Who wants more coal company pollution in water streams?

That is one of the news stories of the end of this week, namely that the Trump administration eliminated a previous Obama administration ruling on this, see Brad Plumer for details.  That sounds horrible, doesn’t it?

I took a look at the cost-benefit study (pointed out on Twitter by Claudia Sahm, or try this link, and please note it was prepared by consultants, not by the government itself).  I spent some time with these hundreds of pages, and they are not always easy to parse (my apologies to the authors for any misunderstandings).  Anyway, I quickly came upon this and related passages (p.45, passim):

In summary, the Final Rule is expected to reduce employment by 124 jobs on average each year due to decreased coal mined while an additional 280 jobs will be created from increased compliance activity on average each year.

Of course those “newly created jobs” are a cost, not a benefit, and should be switched to the other side of the ledger.  That is not what this study did.  And if I understand p.4-31 correctly, this study is using a multiplier of about 2.  This approach is completely wrong, and if it were right Appalachia would love a lot of this coal regulation for its job-creating proclivities, but of course the region doesn’t.

The claimed annual benefit from the changes, from the side of coal demand (not the only effects), is $78 million, fairly small potatoes.  Note the study doesn’t consider what are commonly the most significant costs of regulation, namely distracting the attention of managers and turning companies into legal and regulatory cultures rather than entrepreneurial cultures.  The study does mention uncertainty costs from regulation, although I could not find any quantification of them.

Furthermore, I am not able to scrutinize the introductory section “SUMMARY OF BENEFITS AND COSTS OF THE STREAM PROTECTION RULE” and figure out the final assessment of net benefits for the rule and where that assessment might come from.  I find that worrisome, and paging through the study did not put my mind at ease in this regard.

Now, I know how this works.  Many of you probably are thinking that we need to do whatever is possible to attack or shrink the coal industry, because of climate change.  Maybe so!  Maybe we want to stultify the coal companies, for reason of a greater global benefit.  But a) there is still a role for evaluating individual policy changes by partial equilibrium methods and reporting on those results accurately, and b) “putting down the coal companies,” as you might a budgie, is not what the law says is the proper goal of policy.

Imagine holding an attitude that places the Trump administration as the actual defenders of the rule of law!  Besides, don’t get too worked up (p.174):

Our analysis indicates that there will be no increase in stranded reserves under any of the Alternatives.

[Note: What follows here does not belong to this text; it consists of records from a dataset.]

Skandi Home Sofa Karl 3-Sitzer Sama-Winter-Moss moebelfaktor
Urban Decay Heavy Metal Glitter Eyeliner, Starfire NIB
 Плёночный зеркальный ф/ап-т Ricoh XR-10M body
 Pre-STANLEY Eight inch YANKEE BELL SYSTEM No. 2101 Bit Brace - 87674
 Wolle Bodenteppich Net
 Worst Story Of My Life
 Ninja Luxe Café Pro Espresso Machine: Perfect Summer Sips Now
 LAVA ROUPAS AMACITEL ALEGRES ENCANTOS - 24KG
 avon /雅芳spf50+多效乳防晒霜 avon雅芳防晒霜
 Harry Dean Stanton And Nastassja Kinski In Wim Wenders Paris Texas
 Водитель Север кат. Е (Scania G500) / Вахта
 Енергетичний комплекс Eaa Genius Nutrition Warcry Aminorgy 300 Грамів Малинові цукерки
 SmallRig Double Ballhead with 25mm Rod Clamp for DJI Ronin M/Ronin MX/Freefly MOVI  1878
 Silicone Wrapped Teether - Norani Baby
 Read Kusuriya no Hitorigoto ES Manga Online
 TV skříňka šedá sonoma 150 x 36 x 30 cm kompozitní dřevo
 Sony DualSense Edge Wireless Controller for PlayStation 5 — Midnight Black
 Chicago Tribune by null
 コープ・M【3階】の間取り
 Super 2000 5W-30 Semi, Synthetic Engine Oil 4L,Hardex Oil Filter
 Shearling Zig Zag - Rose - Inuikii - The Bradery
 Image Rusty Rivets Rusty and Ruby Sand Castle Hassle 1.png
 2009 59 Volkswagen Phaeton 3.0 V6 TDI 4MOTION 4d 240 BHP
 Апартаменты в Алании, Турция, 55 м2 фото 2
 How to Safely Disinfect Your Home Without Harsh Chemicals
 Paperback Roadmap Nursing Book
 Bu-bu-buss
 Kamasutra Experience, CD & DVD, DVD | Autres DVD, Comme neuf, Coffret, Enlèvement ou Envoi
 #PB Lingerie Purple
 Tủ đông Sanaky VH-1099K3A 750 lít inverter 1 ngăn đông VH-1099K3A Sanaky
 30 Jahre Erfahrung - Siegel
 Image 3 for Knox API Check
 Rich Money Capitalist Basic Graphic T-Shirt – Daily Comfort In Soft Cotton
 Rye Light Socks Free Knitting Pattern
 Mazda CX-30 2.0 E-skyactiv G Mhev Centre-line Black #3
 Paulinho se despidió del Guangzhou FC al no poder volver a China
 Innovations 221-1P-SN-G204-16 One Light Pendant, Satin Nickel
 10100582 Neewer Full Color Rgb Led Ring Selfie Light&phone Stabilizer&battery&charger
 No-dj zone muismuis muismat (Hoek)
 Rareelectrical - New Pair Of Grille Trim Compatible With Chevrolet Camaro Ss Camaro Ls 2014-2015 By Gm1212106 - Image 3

There is, however, a very small decline in annual coal production (pp.5-20, 5-21) from the rule that had been chosen.  Water quality is improved in 262 miles of streams (7-26), in case you are wondering, that’s something but hardly a major impact and that almost entirely in underpopulated parts of the country.  All the media coverage I’ve seen implies or openly states a badly exaggerated sense of total water impact, relative to this actual estimate (are you surprised?).  Returning to the study, there is also no region-specific estimate of how large (or small) those water benefits might be, at least not that I could find (again, maybe I missed it, but I did find some language suggesting that no such estimate would be provided).

Chapter seven calculates the benefits of the resulting carbon emissions, but after reading that section my best estimate for those marginal benefits is zero, not the postulated $110 million.  The “social cost of carbon” is actually an average magnitude, and it does not measure benefits from very small changes.  Again, you might think there is an imperative to consider “this policy is conjunction with numerous other anti-coal changes,” but that is not what the law stipulates as I understand it and furthermore it hardly seems that many other anti-coal regulatory changes are on the way.

If it were up to me, I would not have overturned the coal/stream regulations, and my personal inclination is indeed to fight a war on coal.  But if you look at the grounds for evaluation specified by law, and examine the cost-benefit study with even a slightly critical mindset, we don’t know what is the right answer on this individual policy decision.  The study outlines nine different regulatory alternatives and it is not able to conclude which is best, nor is the quantitative thrust of the study aimed toward that end.

Mood affiliation aside, to strike this regulation down, as the Trump administration has done, is in fact not an indefensible action.

On a more practical political level, Trump wishes to send a signal to Appalachian voters that he is looking out for coal and looking out for them.  This is actually a very weak action, and it was chosen because for procedural reasons it was quite easy to do.  The more you complain about it, the stronger it looks, and that’s probably a more important fact than any of the particular details of this study.  Whether you like it or not, the coal debate is not really one that favors the Democrats.